INPUT:
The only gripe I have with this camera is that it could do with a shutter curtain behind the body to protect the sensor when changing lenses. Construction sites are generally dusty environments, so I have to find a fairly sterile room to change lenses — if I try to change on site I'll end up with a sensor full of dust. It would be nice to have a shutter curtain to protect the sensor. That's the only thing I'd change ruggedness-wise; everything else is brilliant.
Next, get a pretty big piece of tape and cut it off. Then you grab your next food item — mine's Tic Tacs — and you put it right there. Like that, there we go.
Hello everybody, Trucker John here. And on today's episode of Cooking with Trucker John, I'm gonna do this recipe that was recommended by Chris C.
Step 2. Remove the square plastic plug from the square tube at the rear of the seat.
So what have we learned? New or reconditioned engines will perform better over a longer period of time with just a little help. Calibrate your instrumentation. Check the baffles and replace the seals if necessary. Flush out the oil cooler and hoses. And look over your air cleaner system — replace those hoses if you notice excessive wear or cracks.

--

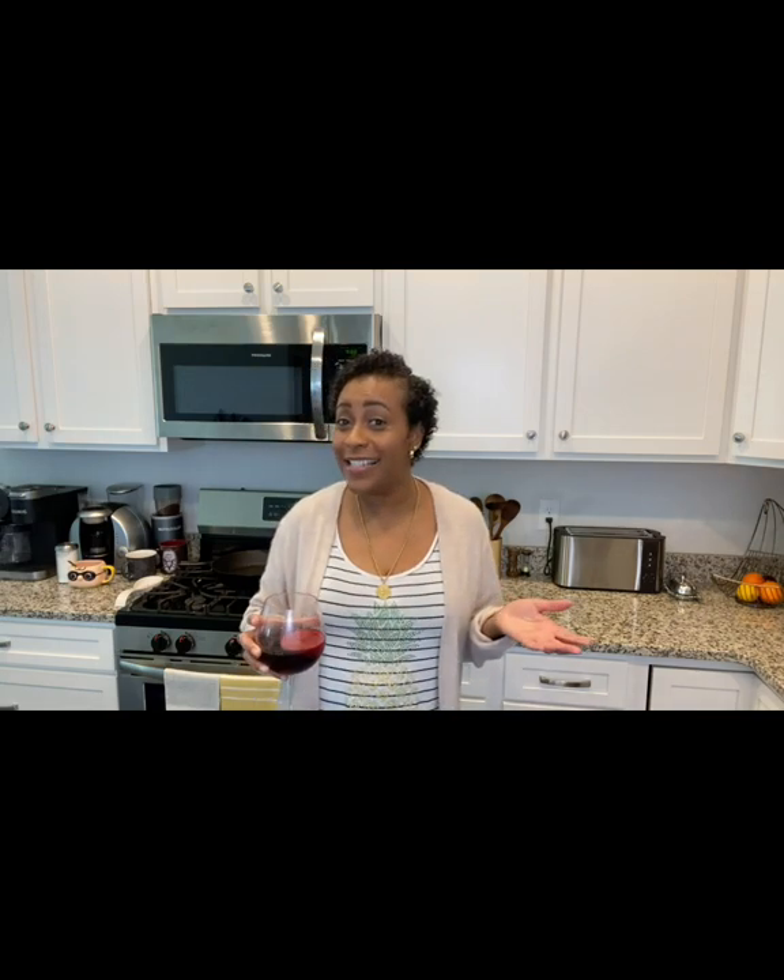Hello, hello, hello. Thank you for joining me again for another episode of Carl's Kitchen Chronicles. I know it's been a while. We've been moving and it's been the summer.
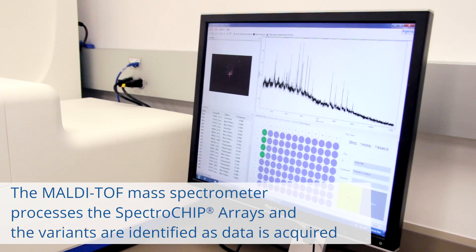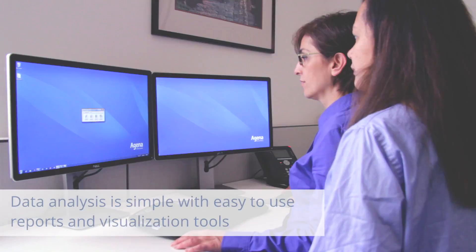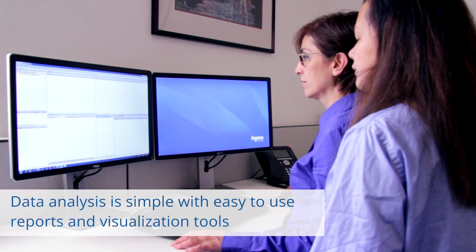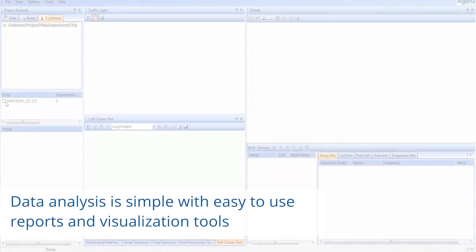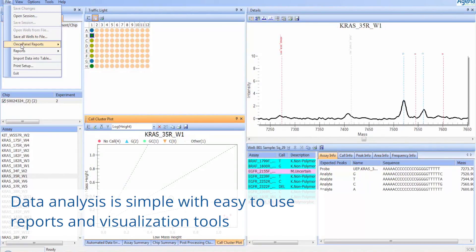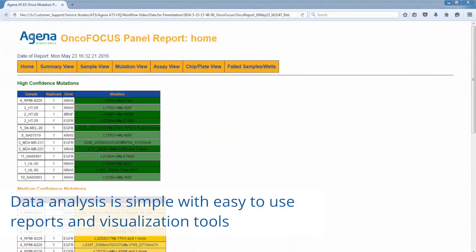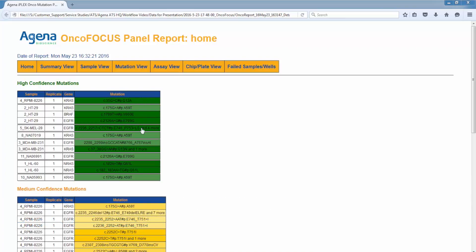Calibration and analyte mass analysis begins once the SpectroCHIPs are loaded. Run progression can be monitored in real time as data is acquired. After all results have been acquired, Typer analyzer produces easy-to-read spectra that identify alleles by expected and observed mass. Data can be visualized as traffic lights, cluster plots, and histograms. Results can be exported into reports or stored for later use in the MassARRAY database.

--

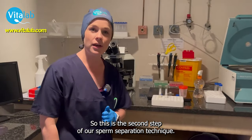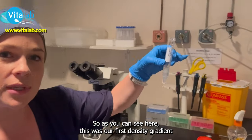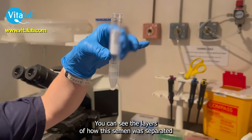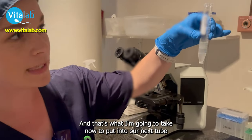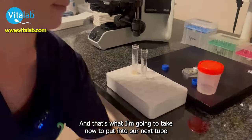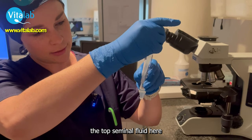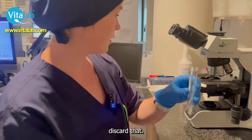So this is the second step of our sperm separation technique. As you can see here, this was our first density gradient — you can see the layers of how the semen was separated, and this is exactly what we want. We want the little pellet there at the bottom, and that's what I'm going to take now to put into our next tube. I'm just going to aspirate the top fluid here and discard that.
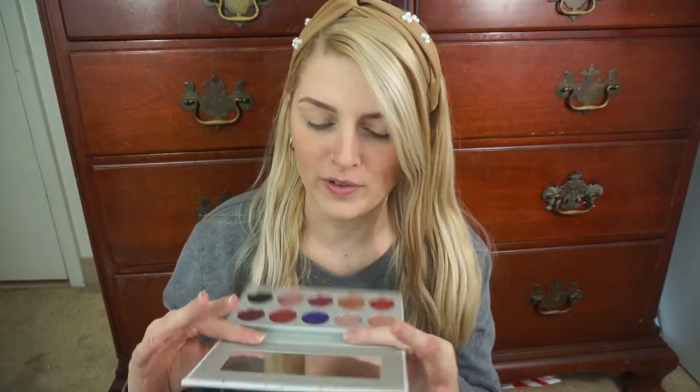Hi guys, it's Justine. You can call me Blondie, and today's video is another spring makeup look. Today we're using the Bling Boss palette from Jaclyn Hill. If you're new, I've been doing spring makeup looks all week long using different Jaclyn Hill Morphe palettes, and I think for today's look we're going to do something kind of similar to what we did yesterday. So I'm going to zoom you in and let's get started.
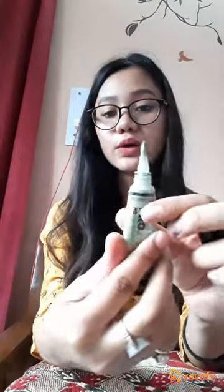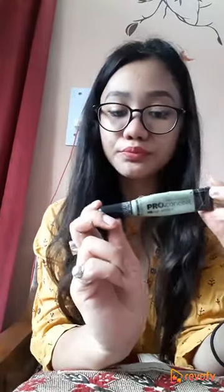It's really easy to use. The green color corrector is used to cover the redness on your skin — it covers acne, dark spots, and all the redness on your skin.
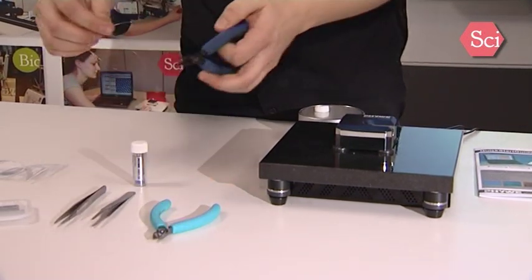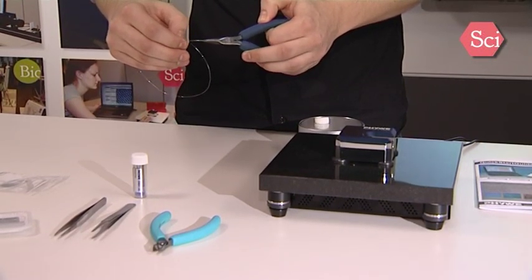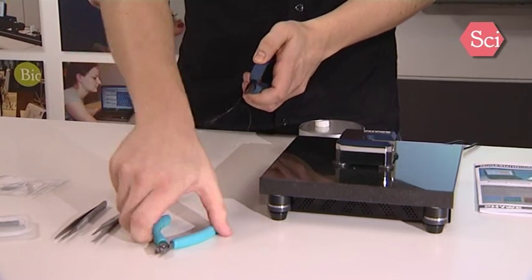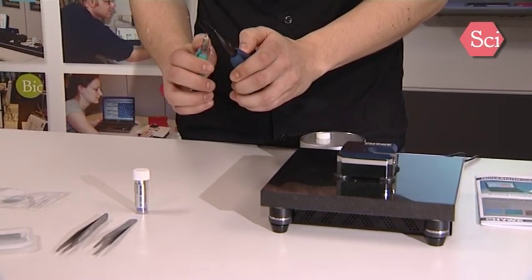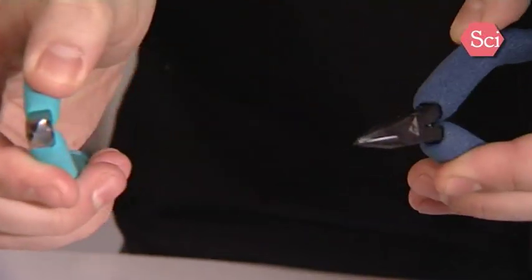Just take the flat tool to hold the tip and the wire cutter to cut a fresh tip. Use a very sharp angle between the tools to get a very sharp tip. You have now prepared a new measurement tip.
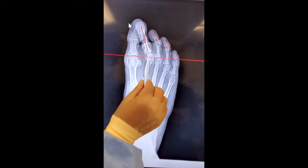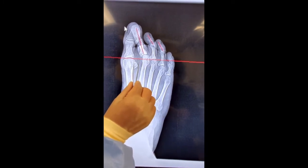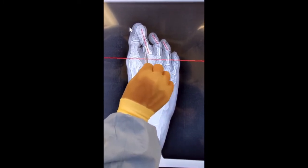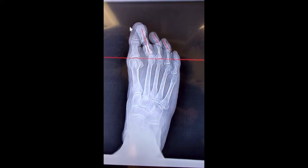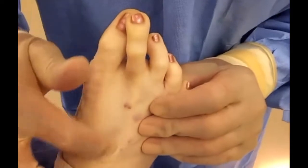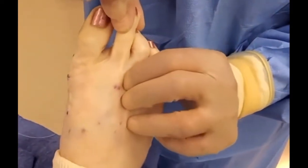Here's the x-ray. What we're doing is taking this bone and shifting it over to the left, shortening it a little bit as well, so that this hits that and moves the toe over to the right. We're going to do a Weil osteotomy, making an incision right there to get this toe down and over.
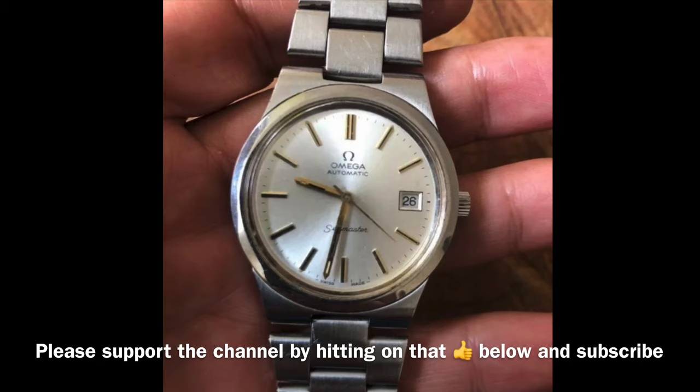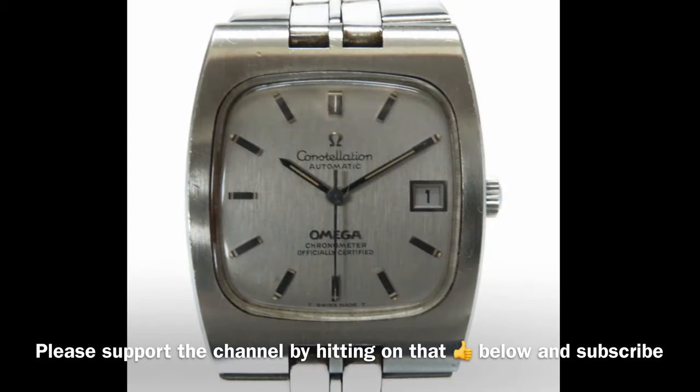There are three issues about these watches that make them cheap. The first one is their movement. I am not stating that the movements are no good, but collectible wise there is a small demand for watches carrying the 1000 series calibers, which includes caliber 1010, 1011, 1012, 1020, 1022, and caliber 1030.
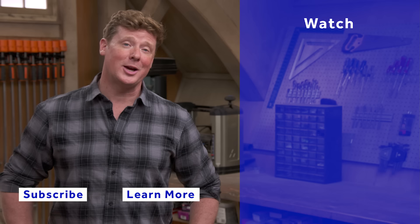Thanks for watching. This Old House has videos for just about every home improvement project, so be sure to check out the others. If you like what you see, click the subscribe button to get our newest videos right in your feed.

YOUR TASK: In the entries above, find the line with "There are three" and the line with "Thanks for watching.". Write out exactly those two lines and every line between them, pictures excluded.

RESPONSE TO THIS TASK:
There are three issues about these watches that make them cheap. The first one is their movement. I am not stating that the movements are no good, but collectible wise there is a small demand for watches carrying the 1000 series calibers, which includes caliber 1010, 1011, 1012, 1020, 1022, and caliber 1030.
Thanks for watching. This Old House has videos for just about every home improvement project, so be sure to check out the others. If you like what you see, click the subscribe button to get our newest videos right in your feed.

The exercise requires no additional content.